Next, each reconstructed oocyte was fertilized by ICSI with a single immobilized sperm of normal morphology and then cultured in Sydney IVF cleavage medium (Cook Medical, Cat. K-SICM-20) for 2 days in 6% CO2 and 5% O2 at 37°C and then in Sydney IVF blastocyst medium (Cook Medical, Cat. K-SIBM-20), which was replenished every 48 hours until blastocyst formation occurred.

Collection of human embryos and individual cells

Both ST blastocysts and ICSI control blastocysts were collected on days 5 to 7 postfertilization, and no delayed or arrested embryos were included in this study. We first treated the blastocysts with acidic Tyrode’s solution (Sigma-Aldrich, Cat. T1788) using a mouth pipette to remove the zona. The blastocysts were then transferred to digestion medium (Accutase medium: 0.25% trypsin, 1:1) (Sigma-Aldrich, Cat. A6064; Gibco, Carlsbad, California, USA, Cat. 25300–056) drops at 37°C for 10 to 20 minutes with gentle and careful pipetting to isolate individual cells. The inner diameters of the glass pipettes varied from 10 to 30 μm. Individual cells were selected and collected into 200 μL PCR tubes with lysis media. All the procedures were performed under a stereomicroscope (Nikon, Shinagawa, Tokyo, Japan, Cat. SMZ745).

Single-cell Trio-seq2 sequencing

Single-cell Trio-seq2 sequencing libraries were prepared based on a previously published method, with slight modifications [25]. Briefly, a single cell was picked into a 200-μL PCR tube containing lysis buffer with 0.2 μL of magnetic beads (Invitrogen, Carlsbad, California, USA, Cat. 65011). mRNA and cell nuclei were separated to construct libraries of transcriptomes and DNA methylomes, respectively.

For scRNA-seq libraries, the supernatant was transferred to a new 200-μL PCR tube. First, we reverse transcribed the mRNAs to obtain first-strand cDNAs using SuperScript II Reverse Transcriptase (Invitrogen, Cat. 18064071) and designed primers that contained an oligo(dT) primer sequence, a cell-specific barcode, and unique molecular identifiers (UMIs). Next, double-stranded cDNA was synthesized and amplified. After pooling and purification of the samples with different barcodes, the cDNAs were amplified using a primer anchored with biotin and index tags and then fragmented into fragments of approximately 300 bp by a Covaris S2 sonicator (Covaris, Woburn, Massachusetts, USA, Cat. S220). After enriching the cDNA fragments with Dynabeads MyOne Streptavidin C1 beads (Invitrogen, Cat. 65002), sequencing libraries were subsequently generated using Kapa Hyper Prep Kits (KAPA Biosystems, Boston, Massachusetts, USA, Cat. KK8504).
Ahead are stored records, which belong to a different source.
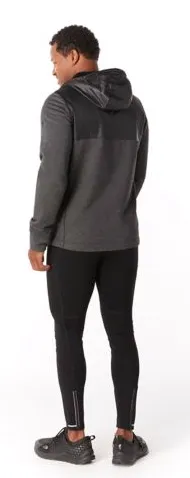 Smartwool | Men's Merino Sport Full-Zip Hybrid Hoodie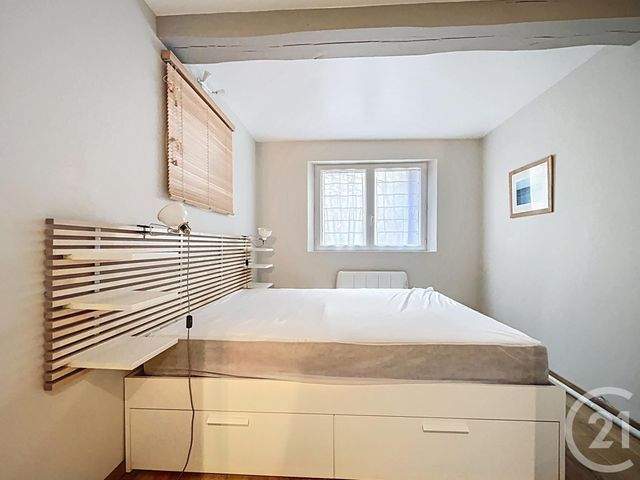 Appartement F2 à vendre - 2 pièces - 53.54 m2 - CHARTRES - 28 - CENTRE - Century 21 Maitrejean Immobilier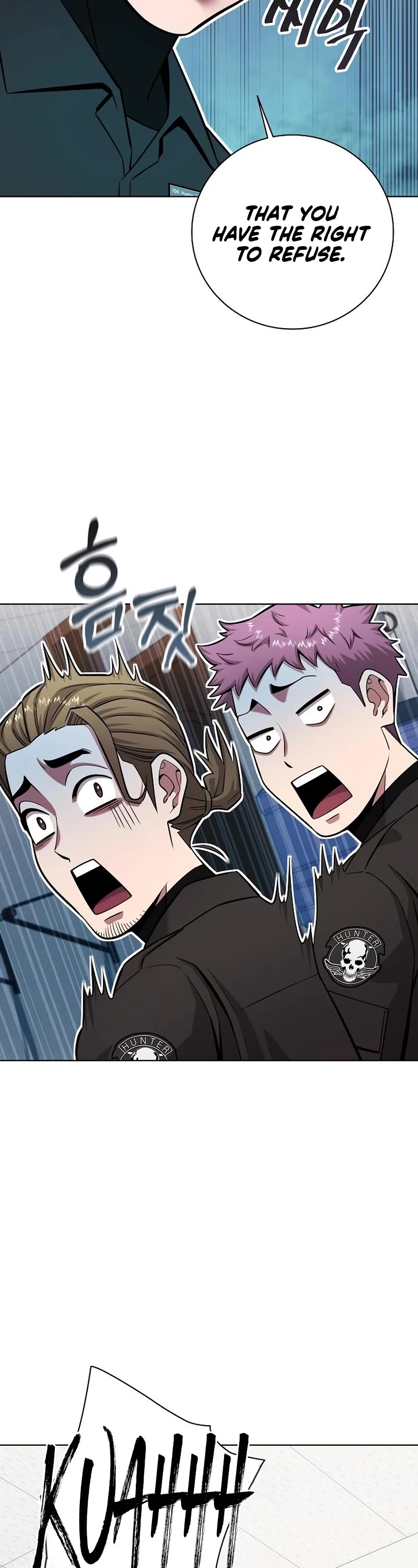 The Dark Mage's Return to Enlistment Chapter 36 page 14 - Chapter 36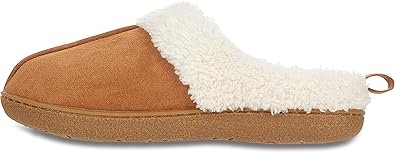 Floopi House Slippers for Women with Cozy Memory Foam Comfort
The post-bisulfite adaptor tagging (PBAT) strategy was used to generate single-cell DNA methylome libraries. Genomic DNA was released after proteinase K (NEB, Ipswich, Massachusetts, USA, Cat. P8107S) treatment, and bisulfite conversion (Zymo Research, Irvine, California, USA, Cat. D5044) was carried out. After bead-based purification, DNA was complemented with Klenow polymerase (NEB, Cat. M0210L) and the random primer P5-N6, and this step was repeated 3 times. A P7-N6 random primer was then used to synthesize the second strand, and the final libraries were constructed after PCR amplification.

All library sequencing was performed on an Illumina HiSeq 4000 platform or an Illumina NovaSeq platform (Novogene, Beijing, China) in paired-end 150-bp mode.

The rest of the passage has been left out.